Search code examples
c++structc++20unionsstdformat

std::formatter c++ 20 with union and struct


Is there any reason why std::format doesn't compile using a data type like this one:

#include <cstdint>

typedef union MIDI_EVENT_type_u
{
    uint8_t val;
    struct {
        uint8_t low : 4;
        uint8_t high : 4;
    };
} MIDI_EVENT_type_u;

using std::format to print the uint8_t value works only for the val above, the low and high are not compiling and must be casted to an unsigned int.

Is there any reason for that as std::format is fed with a uint8_t?

e.g.

MIDI_EVENT_type_u type = {0};
auto a = std::format("{}", type.val);
auto b = std::format("{}", type.high); // error
auto c = std::format("{}", type.low);  // error

the error is:

no instance of overloaded function "std::format" matches the argument list
argument types are: (const char [3], uint8_t)

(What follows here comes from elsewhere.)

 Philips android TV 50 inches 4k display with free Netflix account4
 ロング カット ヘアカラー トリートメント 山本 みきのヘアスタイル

Is there a way to write a custom std::formatter to do the cast to unsigned automatically in this case?

Besides, It is not clear why the value in the "union.struct" are not compiled even if are detected as uint8_t, any reason for that?


EXTENSION:

After the answer and comments from @user17732522 (thanks), for this particulat case there are these kind of solution (at least for compiling, not sure if it will resolve type punning completely):

changing that struct, when is possible to something like:

typedef union MIDI_EVENT_type_u
{
    uint8_t val;
    // the struct also give it a name and put private would be better.
    struct {
        uint8_t low : 4;
        uint8_t high : 4;
    };
    constexpr uint8_t getHigh() { return high; };
    constexpr uint8_t getLow() { return low; };

} MIDI_EVENT_type_u;

and using the getHigh() and getLow() method will resolve the compilation error, or even using a global constexpr to return the .high or .low values eventually.

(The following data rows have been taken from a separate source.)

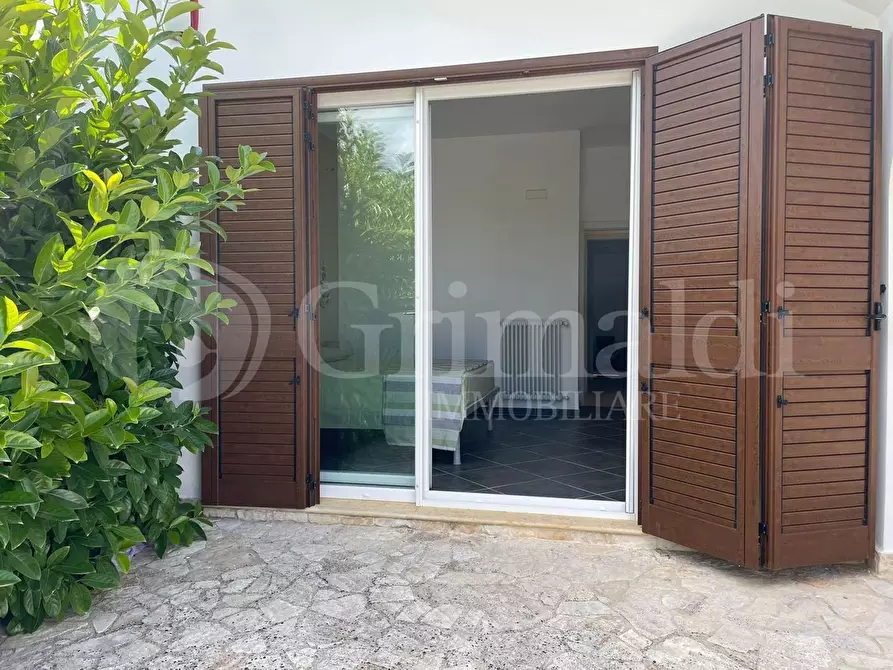 Immagine 25 di Villa in vendita  in strada vicinale contrada pontuso a Matino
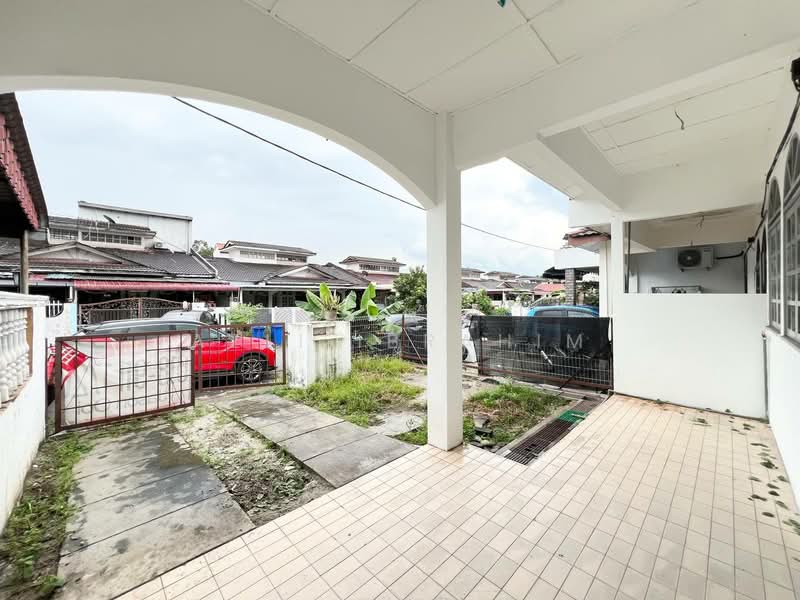 1-storey Terraced House for Sale in Taman Alam Megah (Shah Alam) - Azli Ibrahim - Exterior - PropertyGuru.com.my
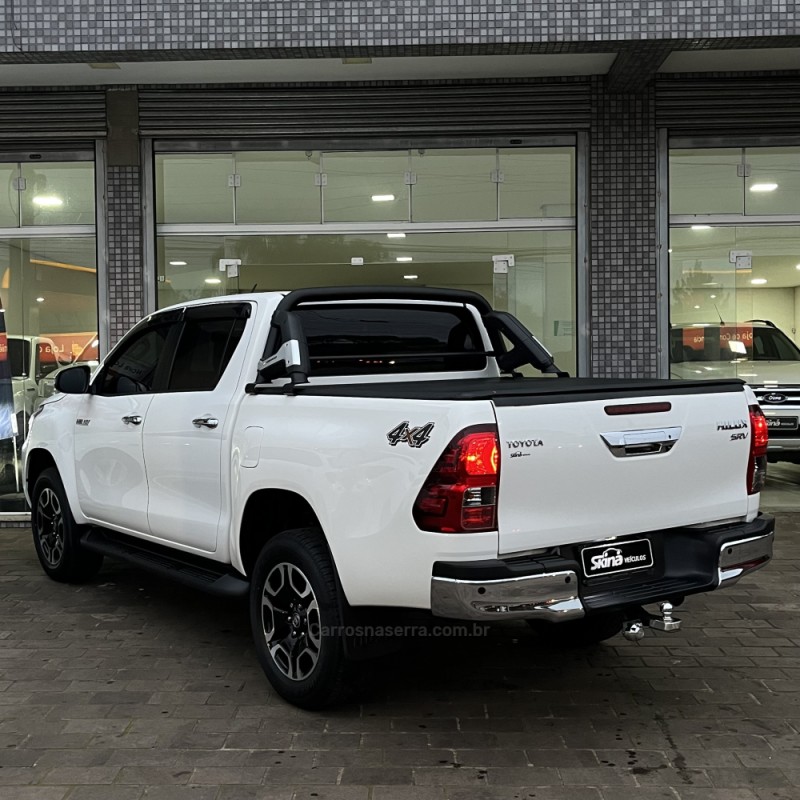 HILUX 2.8 SRV 4X4 CD 16V DIESEL 4P AUTOMÁTICO - 2021 - VACARIA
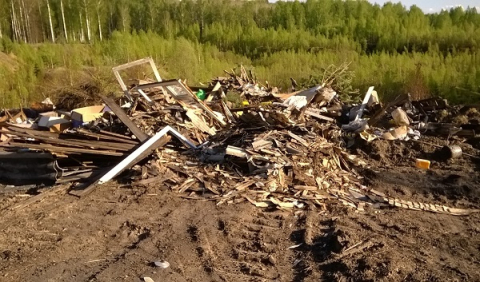 В восьми округах Смоленской области нашли незаконные свалки 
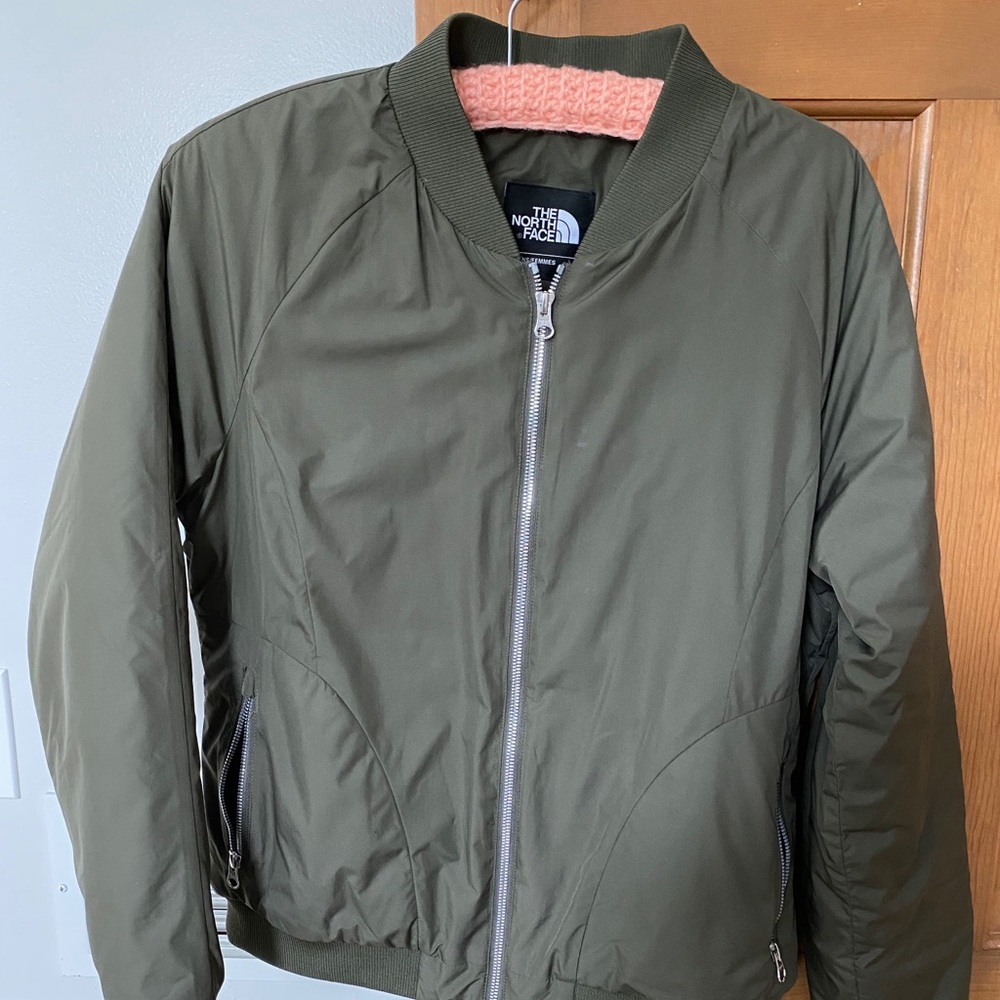 Women’s The North Face Bomber Jacket size Large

It looks to me that is something missing in C++ to deal with this scenario that is kind of a basic use case since C '70s...

ERGO: the C++ in this case could also "auto generate" or defaulting to do something like those 2 extra constexpr, no need to be such verbose in writing code, in my opinion.

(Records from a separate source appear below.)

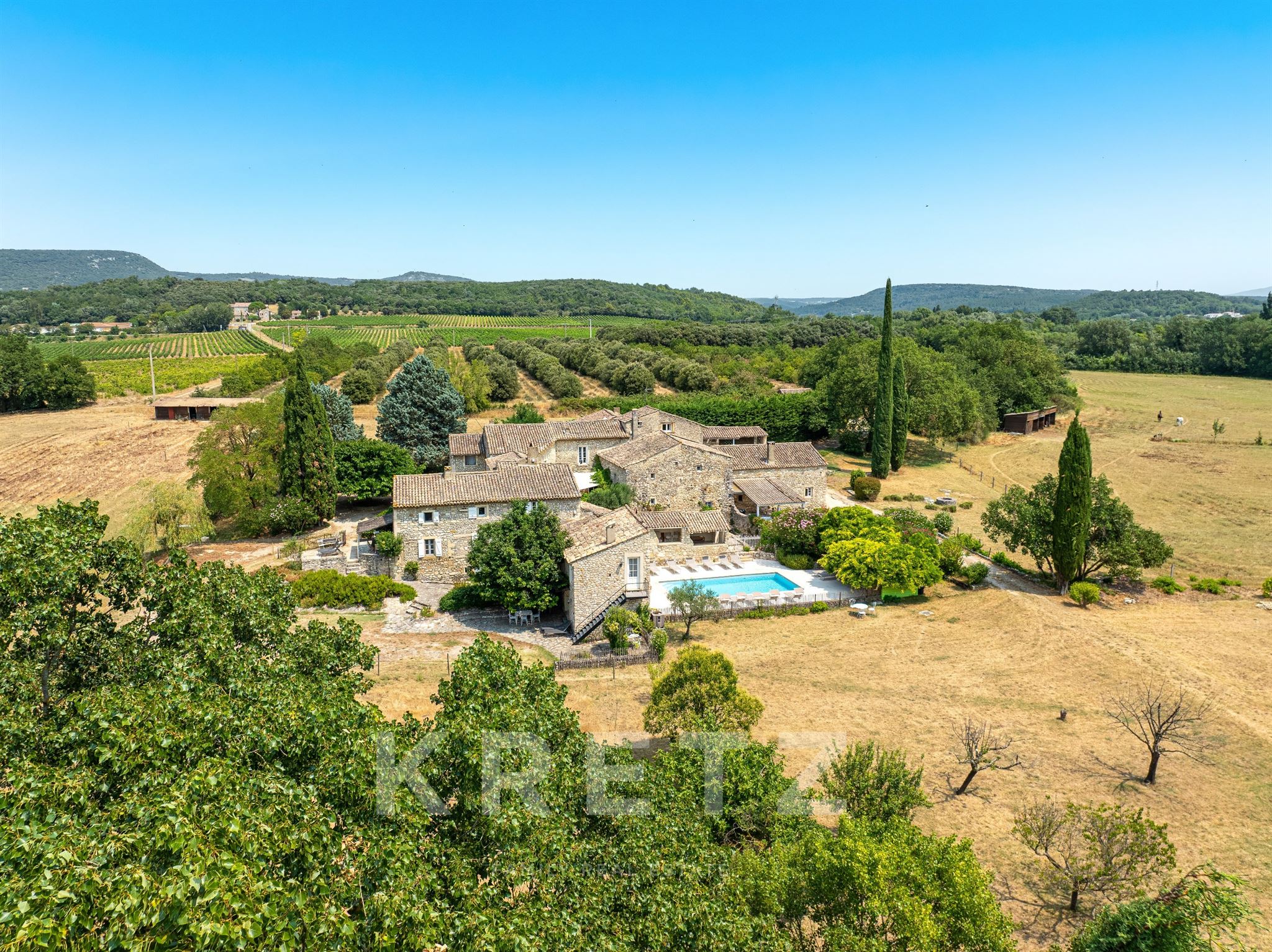 Magnifique hameau Provençal restauré avec piscine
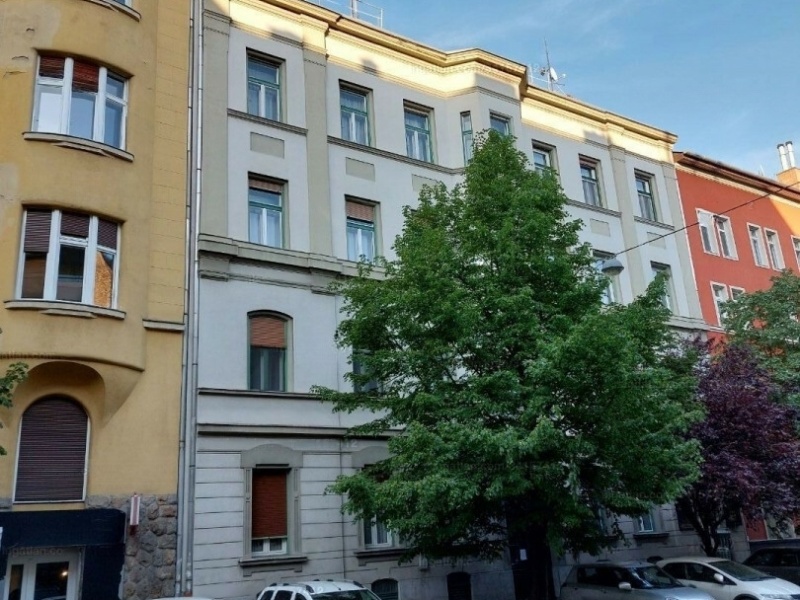 Between Városmajor and Vérmező Parks in a classic building a 108 m2 flat for a good price!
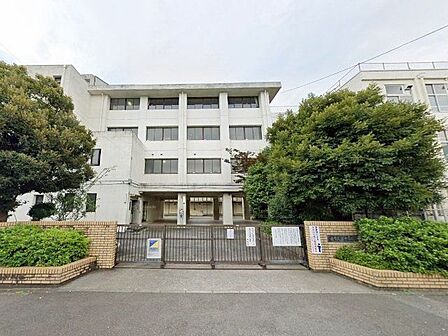 蕨市立東中学校 徒歩18分。 1400m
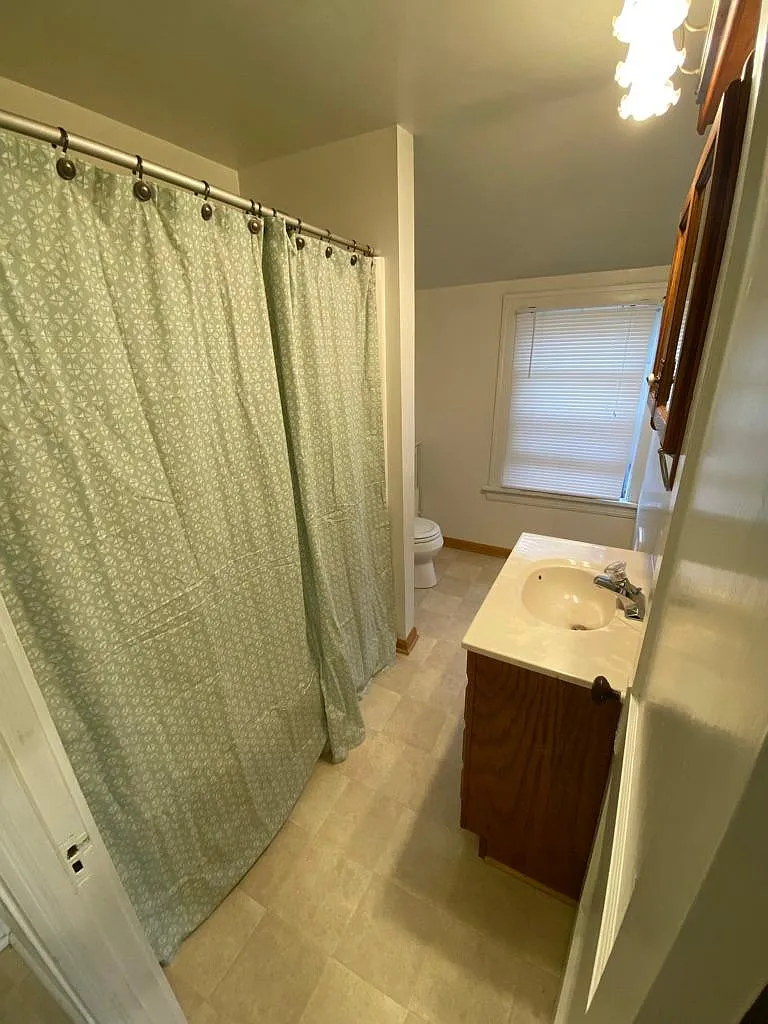 13488 Clifton Blvd — Photo 3
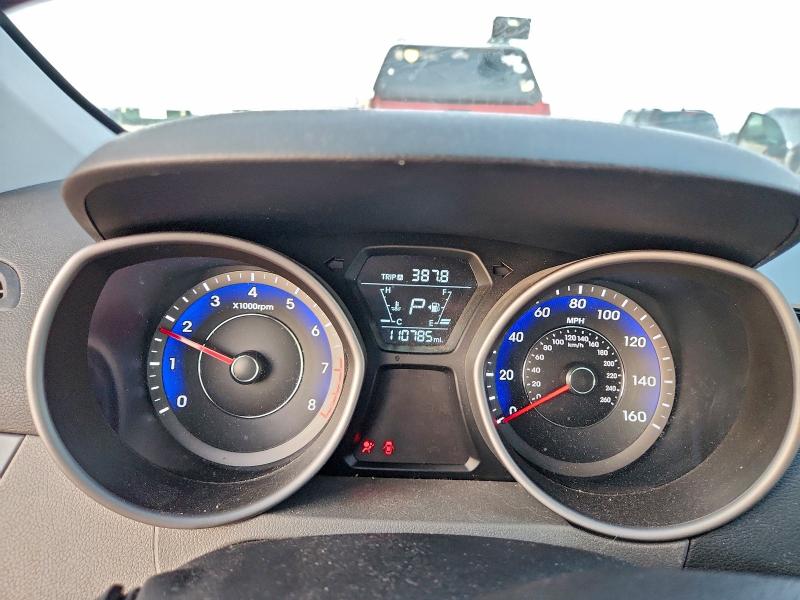 Фото 9 - HYUNDAI ELANTRA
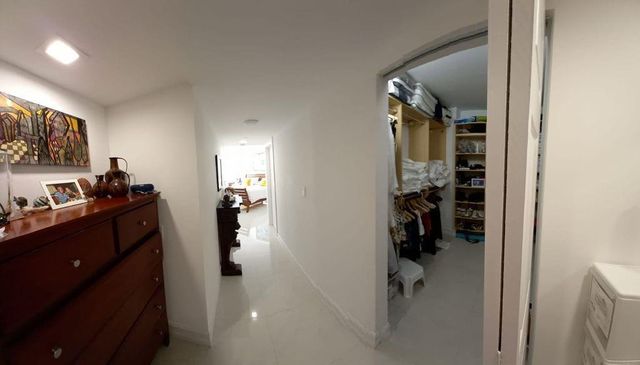16425 Collins Avenue 818, Sunny Isles Beach, FL 33160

instead if that is a C struct that can't be modified:

typedef union MIDI_EVENT_type_u
{
    uint8_t val;
    struct {
        uint8_t low : 4;
        uint8_t high : 4;
    };
} MIDI_EVENT_type_u;
 constexpr uint8_t get(const uint8_t val) { return val; };

in this way it will also compile std::format("{}", get(type.low)); It looks excessevily verbose to do "basic operations" that where always working in C/C++ in older time, I don't really understand that.

Is this something changed in the modern C++ standard and was once instead supported?

If the latter is the case shouldn't be considered on the next C++ iteration to support such base cases and make the compiler generating underneath such simple boilerplate code as it can just be resolved with a constexpr getting a type and returning the same type?


Solution

  • std::format takes its arguments by-reference (specifically as forwarding reference).

    A bit-field can't be passed by reference. So you do need to first convert to a prvalue of some type from which then a temporary object can be materialized to which the reference parameter can be bound, e.g. by writing

    std::format("{}", uint8_t{type.high});
    

    or if you don't want to repeat the type:

    std::format("{}", decltype(type.high){type.high});
    

    With C++23 you can use the new auto syntax:

    std::format("{}", auto{type.high});
    

    You will have this problem with a huge part of the standard library when using bit-fields. The standard library typically takes generic arguments by forwarding reference.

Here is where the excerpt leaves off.